Großbritannien

Mitochondrien-Spenden bald legal?

Im Vereinigten Königreich könnten Mitochondrien-Spenden bald legal sein. Eine Vorentscheidung sollte am Dienstagnachmittag im Unterhaus fallen - viele sehen den Schritt skeptisch.

Arndt StrieglerVon Arndt Striegler Veröffentlicht:

LONDON. Britische Ärzte- und Patientenverbände haben zu "großer Besonnenheit" und "überlegtem Handeln" in der gegenwärtigen Diskussion um eine Legalisierung von Mitochondrien-Spenden gemahnt.

Im Vereinigten Königreich sollte am Dienstagnachmittag im Unterhaus eine Vorentscheidung über die "Human Fertilisation and Embryology (Mitochondrial Donation) Regulations" fallen.

Vor dem Inkrafttreten müsste auch noch das Oberhaus (House of Lords) der Vorlage zustimmen. In diesem Fall hätte Großbritannien eine Vorreiterrolle bei diesem ethisch strittigen Verfahren inne.

Wie die Sprecher aller wichtigen britischen Ärzteverbände in London der "Ärzte Zeitung" sagten, müsse bei der derzeitigen Ethikdebatte sehr genau abgewogen werden, ob alles, was medizintechnisch heute möglich sei, auch wünschenswert sei.

"Es besteht die Gefahr, dass hier die Schleusentore zu Designer-Babys geöffnet werden", so eine Sprecherin des Londoner Royal College of Obstetricians and Gynaeocologists (RCOG). "Wir appellieren zur Sachlichkeit."

Gesetz von 1990 muss ergänzt werden

Andere ärztliche Berufsvertretungen äußerten sich ähnlich zurückhaltend. Dagegen befürwortet Englands höchste Gesundheitsbeamtin, Chief Medical Officer Professor Dame Sally Davies, eine entsprechende Gesetzesänderung, um künftig Mitochondrien-Spenden und deren Einsatz bei künstlichen Befruchtungen zu erlauben.

"Die Erlaubnis von solchen Spenden würde es Frauen mit mitochondrialer Krankheit erlauben, gesunde Kinder zu bekommen." Um das umstrittene Verfahren zu legalisieren, müsste zunächst der aus dem Jahr 1990 stammende "Human Fertilisation and Embryology Act" geändert beziehungsweise ergänzt werden.
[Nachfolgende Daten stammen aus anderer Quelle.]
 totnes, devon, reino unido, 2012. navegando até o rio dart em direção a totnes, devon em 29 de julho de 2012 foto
Während das Verfahren in Deutschland nie erlaubt war, wurde ein ähnliches Verfahren 2002 in den USA nach Sicherheits- und Ethikbedenken verboten. Gegner einer Legalisierung in Großbritannien wie Dr. David King (Human Genetics Alert) warnen vor "Designer-Babys mit drei Eltern".
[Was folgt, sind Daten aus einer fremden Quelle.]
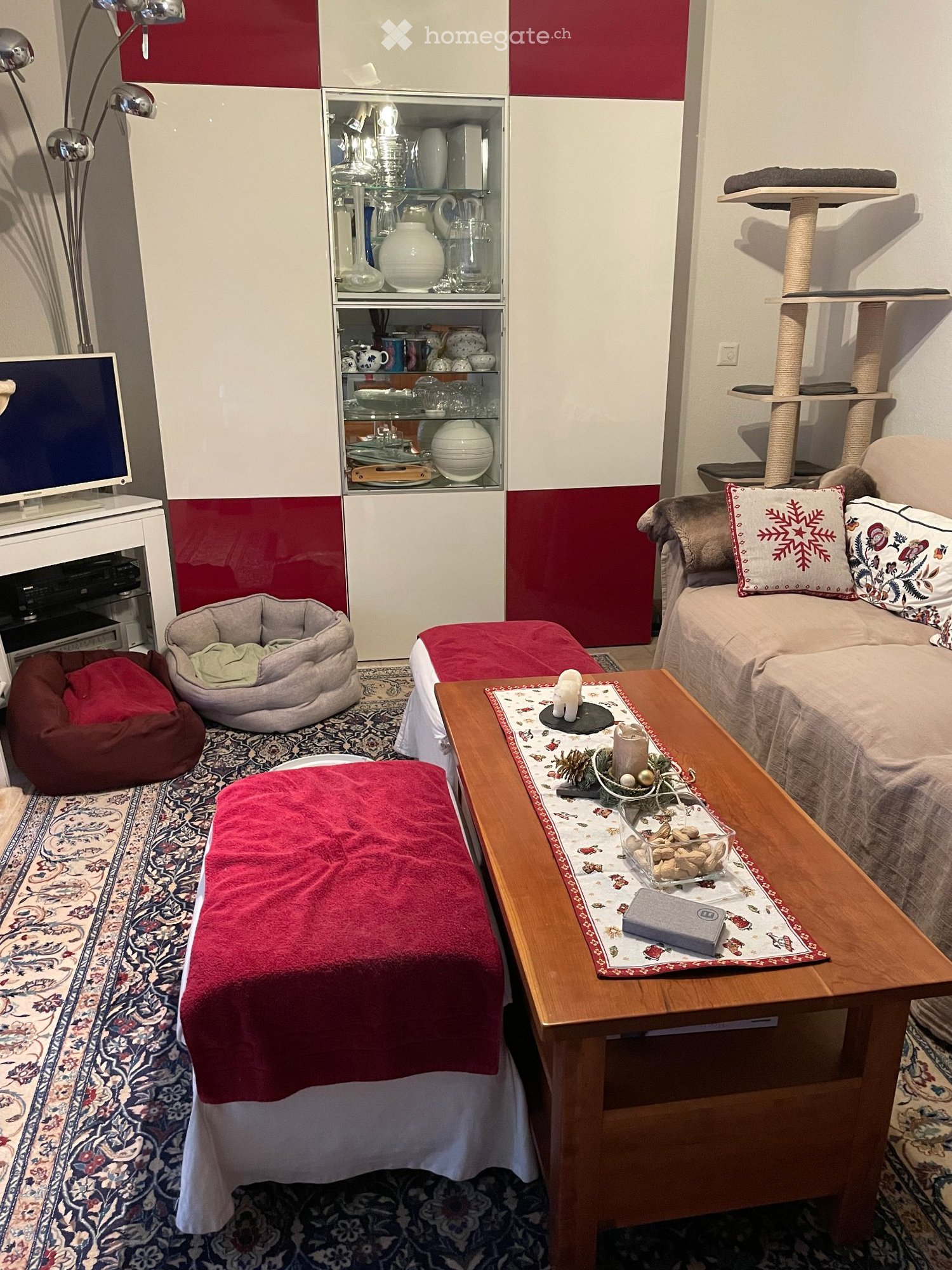 1 Zimmer Einzelzimmer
Experten schätzen, dass in Großbritannien eines von 6500 Kindern eine mehr oder weniger starke auf eine mitochondriale Erkrankung zurückzuführende Störung entwickeln wird. Die nordenglische Universität Newscastle gilt auf dem Gebiet der Mitochondrien-Spenden als weltweit führend.
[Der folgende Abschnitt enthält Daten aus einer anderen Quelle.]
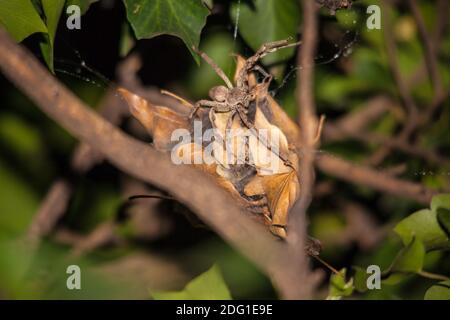 Rain Spider (Palystes superciliosus) sul bozzolo d'uovo 8421 Foto Stock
Während Kritiker sagen, die Technik sei "nicht sicher", widerspricht die britische Aufsichtsbehörde HFEA (Human Fertilisation and Embryology AUTHORity).

Das Verfahren, bei dem die Zellkern-DNA der Eltern aus einer befruchteten Eizelle, die die schädliche Mutation in den Mitochondrien in sich trägt, entnommen und in eine zuvor entkernte befruchtete Eizelle einer gesunden Spenderin eingepflanzt wird, sei "unbedenklich". Die Meinung der HFEA hat großes Gewicht.

Es entsteht keine Verwandtschaft

Bereits 2009 führten Forscher der Oregon Health & Science University in Portland das Verfahren erstmals erfolgreich an Affen durch. Die vier damals ausgetragenen Affenbabys sind alle gesund und weisen keine mitochondrialen Effekte auf.

In dem aktuellen Gesetzesentwurf, der kontrovers diskutiert wird, heißt es unter anderem, dass Kinder nur medizinische und biologische Informationen über die Eizell-Spenderin erhalten sollten, nicht aber Informationen, die zur Identifizierung der Spenderin führen könnten. Denn: Ein Verwandtschaftsverhältnis entstehe aus der Spende nicht.